- _TO DO_:
Transcribe the listing exactly, skipping every picture.

- _EXERCISE DATA_:
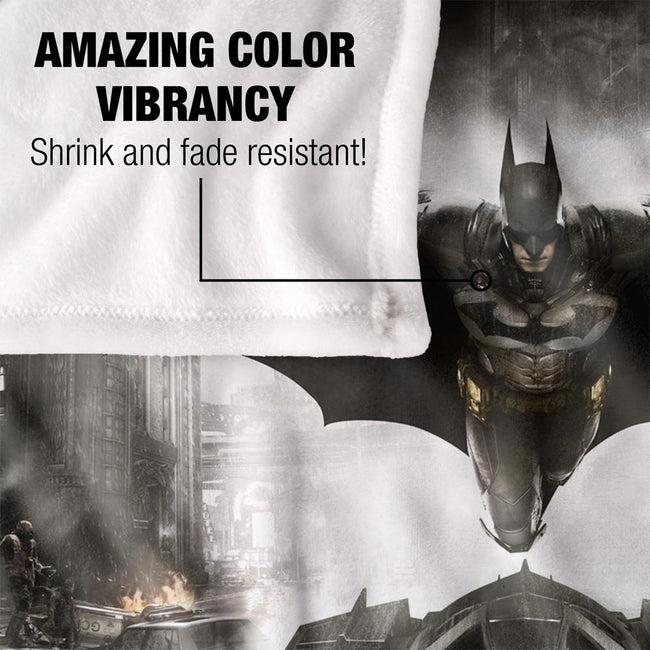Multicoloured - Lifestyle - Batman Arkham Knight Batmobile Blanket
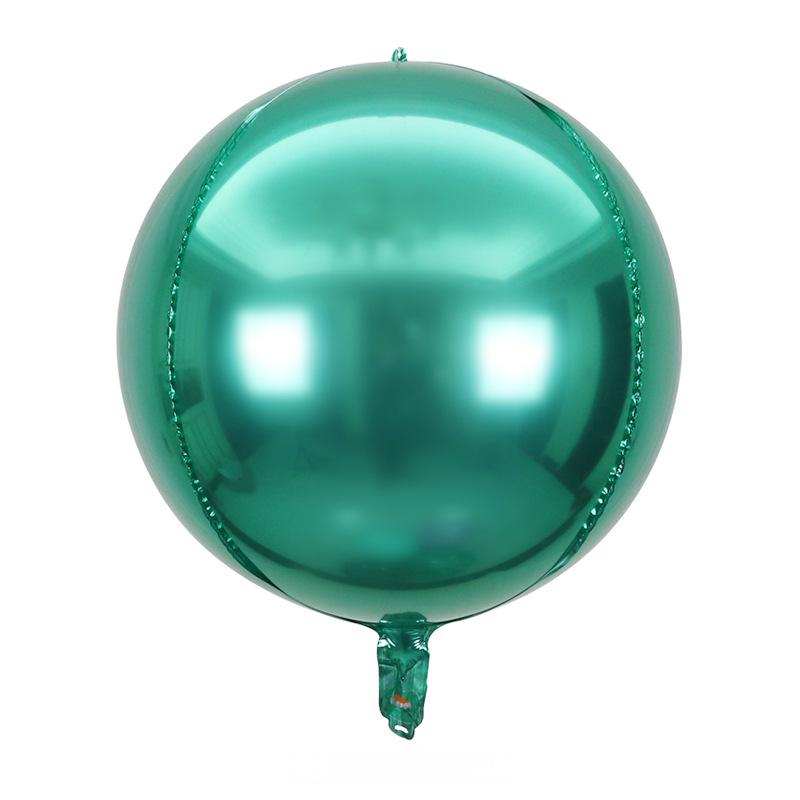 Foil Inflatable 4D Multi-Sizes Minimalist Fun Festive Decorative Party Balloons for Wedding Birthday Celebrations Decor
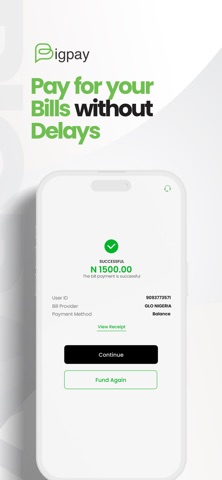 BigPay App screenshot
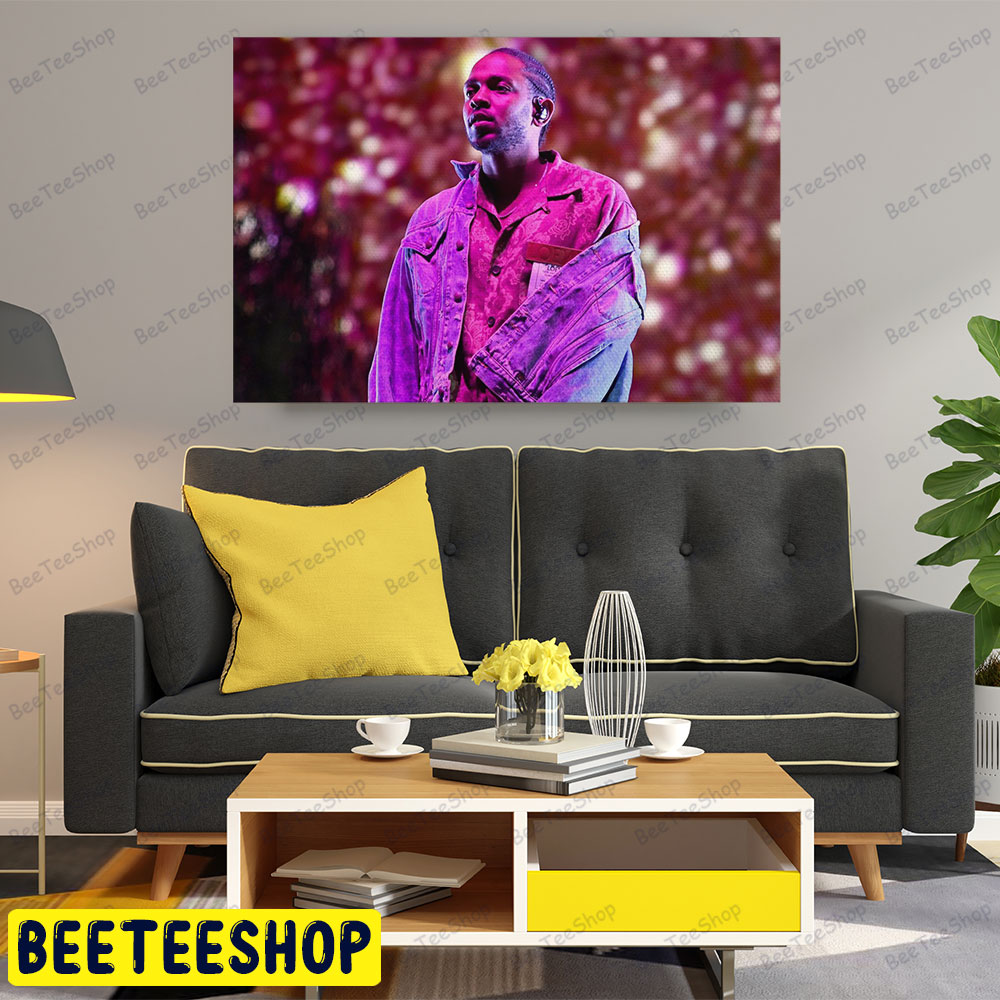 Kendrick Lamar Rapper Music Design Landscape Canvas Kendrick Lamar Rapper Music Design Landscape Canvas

- _ANSWER TO THE PROBLEM_:
Multicoloured - Lifestyle - Batman Arkham Knight Batmobile Blanket
 Foil Inflatable 4D Multi-Sizes Minimalist Fun Festive Decorative Party Balloons for Wedding Birthday Celebrations Decor
 BigPay App screenshot
 Kendrick Lamar Rapper Music Design Landscape Canvas Kendrick Lamar Rapper Music Design Landscape Canvas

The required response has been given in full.